Investment advice and tips from Warren Buffet. Where to invest? | K&L Rock 1
K&L Rock Group / News / Investment advice and tips from Warren Buffet. Where to invest?

Investment advice and tips from Warren Buffet. Where to invest?

Published by: 30.06.2021 12:59:42

One of the ways many people become successful is to approach every crisis as an opportunity - to learn, to invest, to grow. Take billionaire Warren Buffett.

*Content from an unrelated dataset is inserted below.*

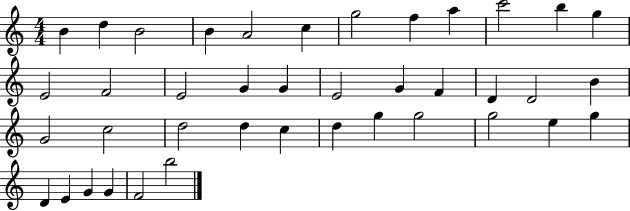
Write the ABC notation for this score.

He once famously advised investors to "be afraid when others are greedy, and greedy when others are afraid." Not only has he emerged from the pandemic richer, his net worth surpassing the $100 billion mark in March even as he donated billions to charity, but he also comes with valuable advice for investors.

Even if you don't have the capital of the "Miracle of Omaha," these eight COVID-19 tips from Warren Buffett will help you to a more valuable fortune. 


1. Are you new to investing? Join the S&P 500

During his Berkshire Hathaway company's annual meeting last month, Buffett talked about his favorite investment - the one that prevailed during the COVID crisis.

"I recommend the S&P 500 index fund and hold it long", Buffett said, adding that after his death, 90% of the money he left to his wife will go into the S&P 500 fund.

*S&P 500 index funds are mutual funds or ETFs that mimic the well-known stock index that tracks the 500 largest U.S. companies. Despite the pandemic, the S&P 500 index rose 16% in 2020 and reached new highs in 2021.

"I like Berkshire, but I think a person who knows nothing about stocks and has no particular feelings about Berkshire, I think should buy the S&P 500 index," Buffett told a shareholder meeting in Los Angeles.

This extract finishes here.